### EXERCISE PROMPT:
Retype the data below exactly; skip every image.

(PROVIDED DATA Opens)

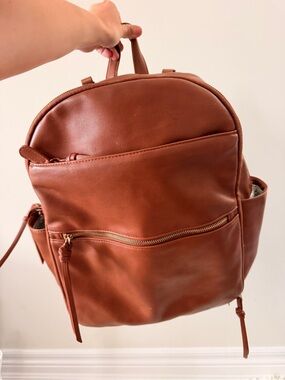 MOMINSIDE Tan Leather Diaper Bag Backpack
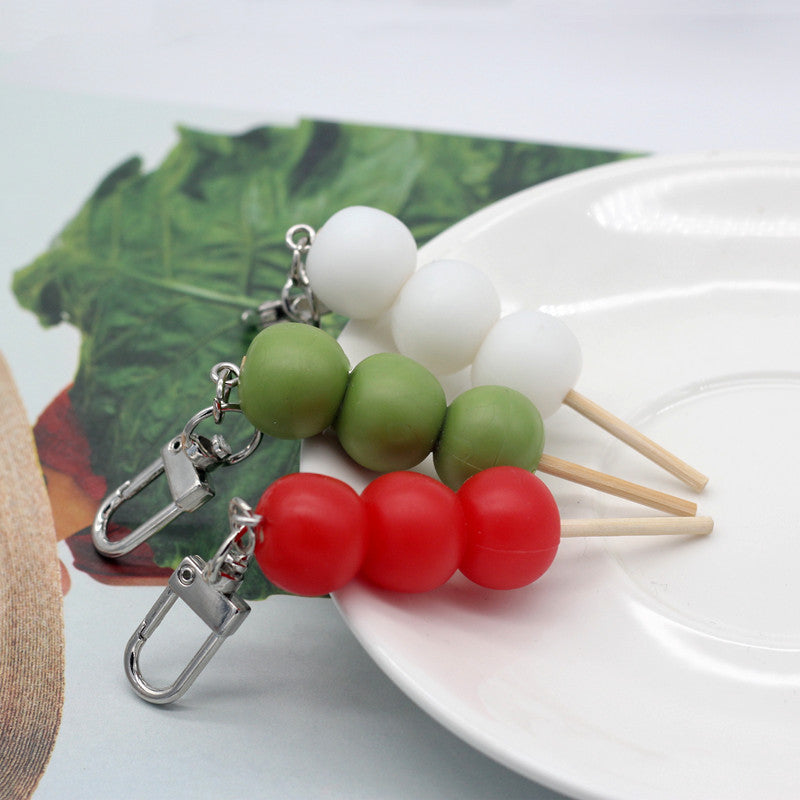Wholesale PVC Simulation Food Glutinous Rice Ball Keychain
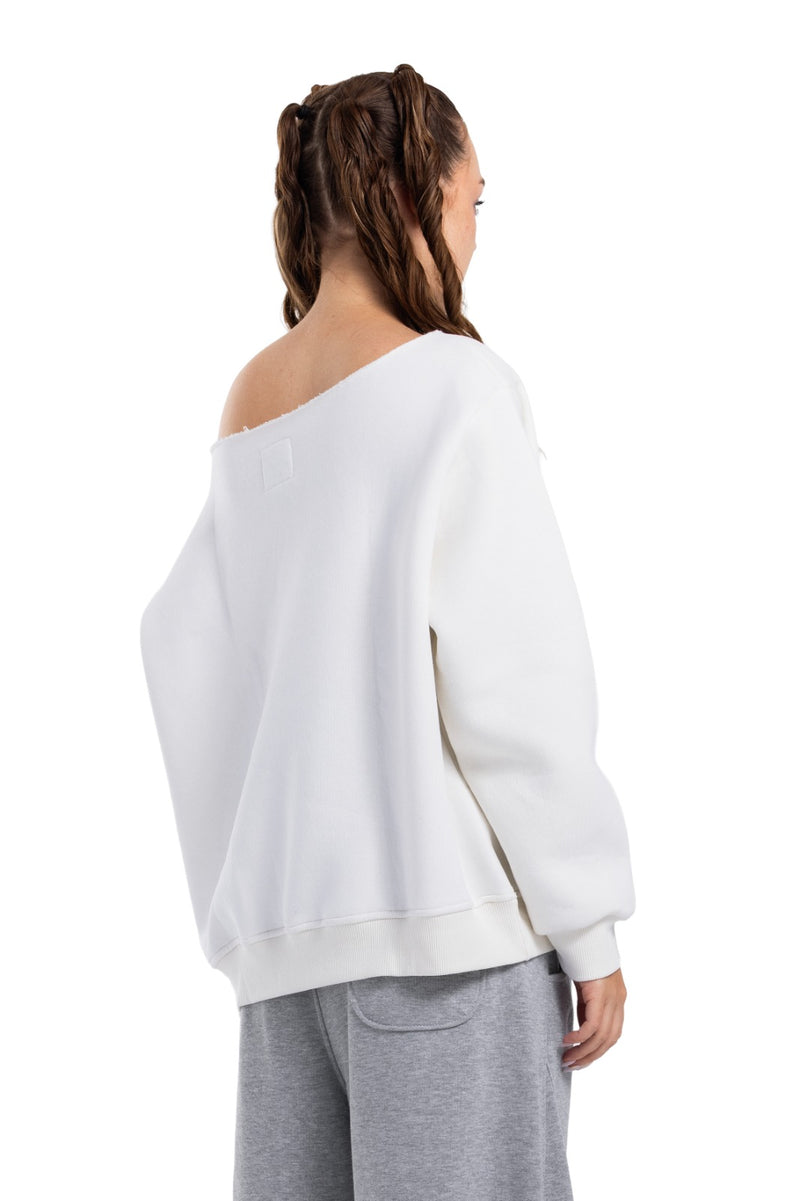Initials Off-Shoulder Sweatshirt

(PROVIDED DATA Closes)

### RESPONSE:
 MOMINSIDE Tan Leather Diaper Bag Backpack
Wholesale PVC Simulation Food Glutinous Rice Ball Keychain
Initials Off-Shoulder Sweatshirt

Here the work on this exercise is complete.